1. Field of the Invention
The present invention relates to fluid control valves and more particularly to an improved seat or seal for such valves, particularly valves having a pivotable valve closure element such as a butterfly or disc valve.
2. Prior Art
Valves employing pivotable closure assemblies, such as butterfly valves, have found wide use in industry for fluid handling and control. Generally, such valves, particularly butterfly valves, have been used for controlling the flow of various fluids at ambient or moderate temperatures and pressures, since the materials commonly used in the seats of such valves tend to flow or extrude at elevated temperatures allowing the valve to leak. Additionally, many such materials, e.g. certain types of rubbers, are very susceptible to chemical attack by certain fluids and thus are unacceptable for use in valves used to handle such fluids.
There are various polymeric materials which are quite inert in the sense that they are resistant to chemical attack and degradation and, in addition, can withstand elevated temperatures. Notable among such polymers are the fluorocarbon resins or polymers such as, for example, polytetrafluoroethylene, e.g. Teflon. While the fluorocarbon polymeric materials possess excellent resistance to chemical attack and can withstand elevated temperatures, they possess little or no elasticity or resiliency and tend to "cold flow" once subjected to repetitive loading. Such polymers lack "memory" and thus when compressed, repeatedly or for extended periods, fail to return to their original configuration.
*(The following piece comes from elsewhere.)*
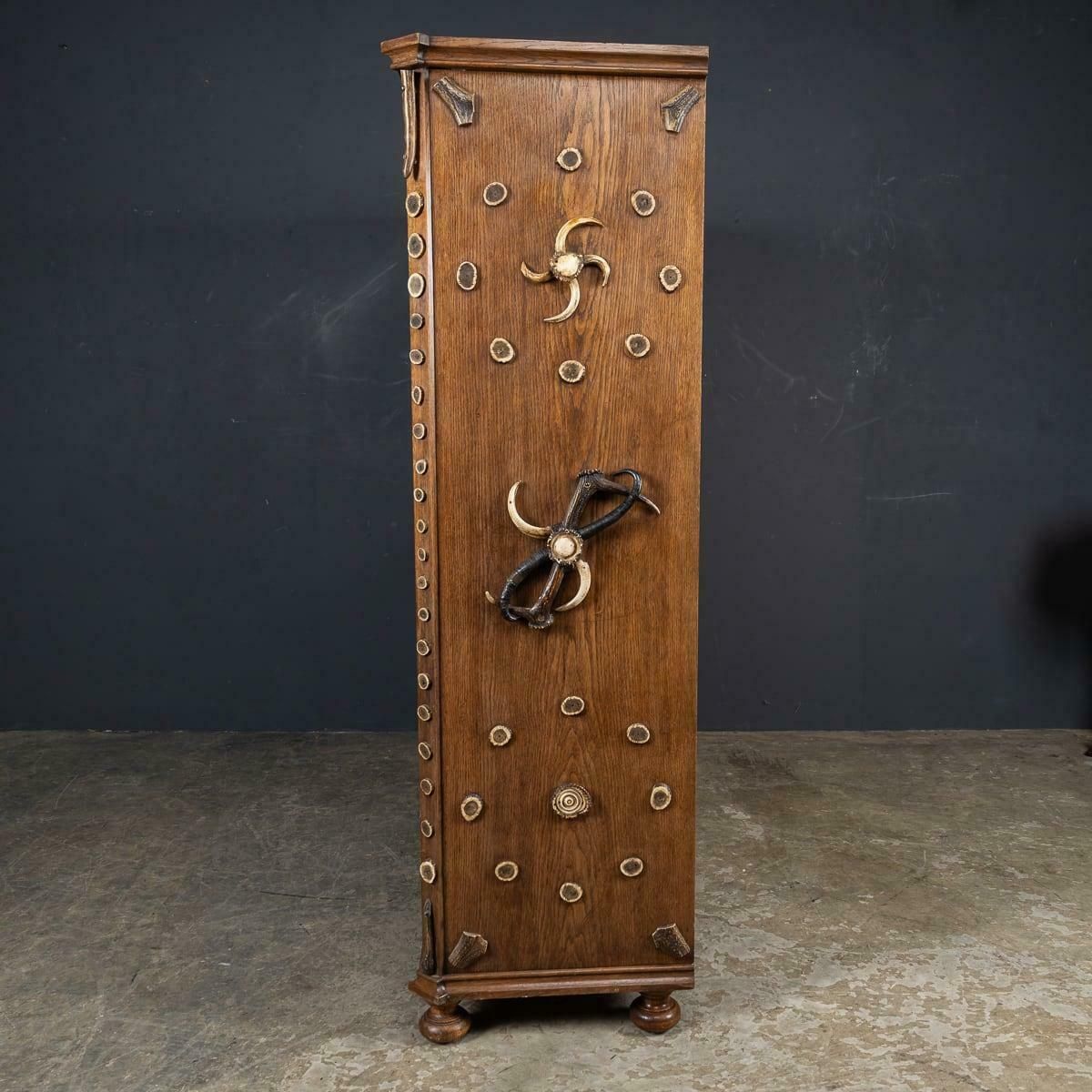 Antique 20th Century German Black Forest Oak & Antler Cabinet C.1900 photo Furniture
Indeed, valve seats made of Teflon or like materials, after being stressed sufficiently and repeatedly, will become distorted due to cold flow to the point that they will not seal effectively and, therefore, allow the valve to leak.
It is known to provide rotary or pivotable valves having seats in which a thin coating of Teflon or similar material is bonded to a rubber backing to provide a valve in which the seat is resistant to chemical attack and, to a certain extent, can withstand elevated temperatures but nonetheless will not undergo cold flow due to the resiliency of the rubber backing. It is also known to provide rotary valve seats in which a Teflon seat is biased radially inwardly by means of a spring to retard cold flow.
In seat designs using springs or elastomers e.g. rubber, to provide memory to the Teflon seat, interference between the disc and the valve seat begins long before the disc is moved to the fully closed position and continues to increase as the disc moves to that position. This disc/seat interference produces accelerated wear, particularly in the area of the disc hubs, i.e. at the diametrically opposite points of the disc where it is rotatably journaled through the seat. In such prior art valves, seating torque and hence actuator sizing becomes a factor since significant torque is encountered well before the disc moves to the fully closed position. These problems may be partially alleviated through the use of double offset disc designs which may prevent interference between the disc and seat for up to 60.degree.-70.degree. of the disc travel from open to closed position. However, the interference which occurs during the last 20.degree.-30.degree. of travel still causes localized seat wear problems.